Philip TAYLOR (Ret'd) wrote:
>>   |     "A"
>>   |     <code>
>>   |       <pre>
>>   |         "B"
>>   |       "C"
> 
> I assume (as you haven't shewn them explicitly) that
> there are no implied </...>s anywhere in that parse tree.

That's a DOM tree, not a parse tree.  It's show an HTMLPreElement with a 
single textnode child ("B"), and an HTMLCodeElement or whatever you want 
to call it, with two kids: the HTMLPreElement and a textnode ("C").
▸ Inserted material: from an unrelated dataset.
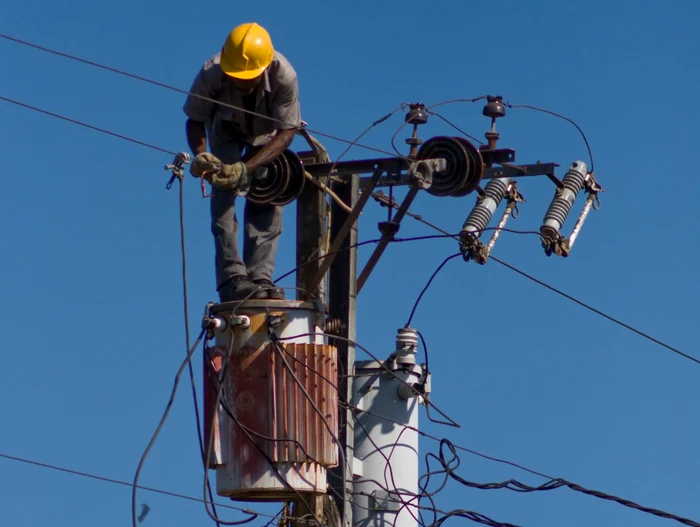 În urma licitaţiei, municipalitatea ar trebui să obţină un preţ mai bun la energia electrică şi să reducă cheltuielile. Foto: Arhiva adevarul.ro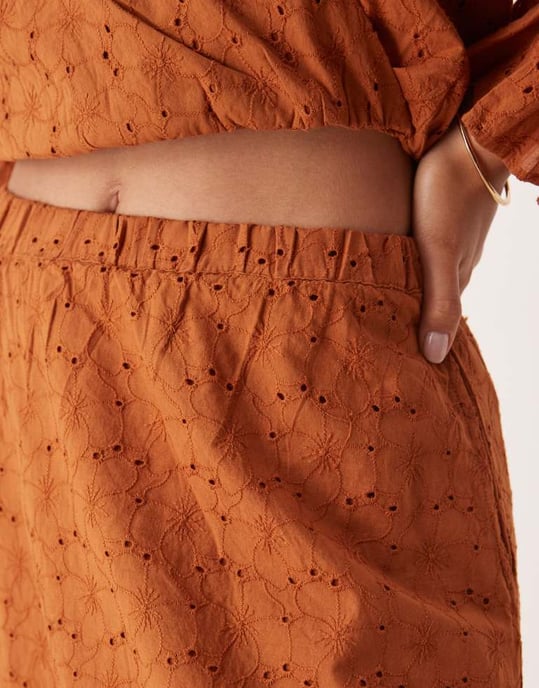 ASOS DESIGN premium broderad dropped waist co-ord maxikjol i brunt - Image 3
> A closure for an outer element must surely close all inner
> elements

Doing that blindly would break the web.  Consider the simple example of:

   <b>Bold <i>Bold and italic</b> Still italic, not bold</i> Normal font

Closing the <b> doesn't end the italicising, even though it's the 
"outer" element.  This behavior is interoperable across all major 
browsers, and significant number of sites depend on it.

> whether or not the specification requires
> that they be explicitly closed, as a normal part of
> the parser's error recovery procedure.

The error recovery procedure needs to be more complicated than you seem 
to think, if the parser is going to handle real-life web content.

>> This significantly breaks 
>> http://blogs.sun.com/bblfish/entry/rest_apis_must_be_hypertext 
...

> I'm not sure what semantics you are ascribing to "significantly"
> here : are you saying that http://blogs.sun.com/ is such a significant
> site that even if it outputs crap code (which it clearly does),
> browsers should bend over backwards to accommodate that crap code,
> or are you not making any value judgement concerning http://blogs.sun.com/
> but instead saying that html5lib and validator.nu both make a major
> error in their handling of its aberrant output ?

The latter, clearly (as in, the DOM is significantly different from what 
it needs to be to render the site as browsers interoperably render it).

-Boris

Received on Wednesday, 12 November 2008 19:47:25 UTC